ICS detections during the first half of the year saw an increasing prevalence and volume of exploits targeting WindRiver VxWorks systems. Deployed in ICS-related devices and deployed across several sectors, including communications, critical manufacturing, energy, healthcare and public health, transportation systems, and water and wastewater systems, the real-time operating system (RTOS) platform has a history of high-profile vulnerabilities, including a slew of them identified by Rapid7 in 2010 and the more recent ‘Urgent/11’ disclosed by Armis Labs in 2019.

Armis published an update to the Urgent/11 last December, claiming that 97 percent of the OT devices impacted by URGENT/11 had not been patched. It’s possible that this served to grab the attention of would-be attackers, resulting in a surge of reconnaissance activity probing for those vulnerabilities, the FortiGuard Labs report said. 
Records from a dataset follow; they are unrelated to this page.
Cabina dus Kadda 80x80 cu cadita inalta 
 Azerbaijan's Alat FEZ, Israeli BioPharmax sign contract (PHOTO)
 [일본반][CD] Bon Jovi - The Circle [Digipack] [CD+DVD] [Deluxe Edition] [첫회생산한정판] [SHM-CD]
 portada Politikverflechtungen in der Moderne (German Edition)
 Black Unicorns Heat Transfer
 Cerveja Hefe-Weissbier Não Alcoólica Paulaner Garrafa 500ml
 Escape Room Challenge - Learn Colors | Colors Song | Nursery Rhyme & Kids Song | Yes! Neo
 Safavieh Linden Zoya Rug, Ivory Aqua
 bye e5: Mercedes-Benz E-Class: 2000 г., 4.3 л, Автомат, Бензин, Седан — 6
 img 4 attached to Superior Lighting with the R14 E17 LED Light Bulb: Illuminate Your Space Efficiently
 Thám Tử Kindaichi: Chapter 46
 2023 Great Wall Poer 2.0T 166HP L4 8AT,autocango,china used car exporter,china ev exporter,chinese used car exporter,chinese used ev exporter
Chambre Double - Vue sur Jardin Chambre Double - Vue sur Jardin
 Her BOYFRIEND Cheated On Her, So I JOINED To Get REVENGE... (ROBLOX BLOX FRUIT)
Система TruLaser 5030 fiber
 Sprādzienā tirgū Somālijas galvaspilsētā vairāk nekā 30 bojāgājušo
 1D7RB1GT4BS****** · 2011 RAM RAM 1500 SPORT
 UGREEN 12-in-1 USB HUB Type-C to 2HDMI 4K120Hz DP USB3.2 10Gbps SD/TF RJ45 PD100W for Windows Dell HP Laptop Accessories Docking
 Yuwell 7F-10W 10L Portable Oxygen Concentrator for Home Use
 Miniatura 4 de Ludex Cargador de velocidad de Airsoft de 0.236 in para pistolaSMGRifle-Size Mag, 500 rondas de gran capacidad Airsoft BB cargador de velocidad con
“That theory is supported by the fact that one of the most prevalent detections indicates attempted scans to ascertain the version number of VxWorks. While not particularly threatening in and of itself, that reconnaissance likely targets additional known flaws in the VxWorks TCP/IP stack, several of which have RCE potential,” it added.

Timely collaboration and partnership momentum across law enforcement, as well as public and private sectors, will help to disrupt the cybercriminal ecosystem going into the second half of 2021, the report said.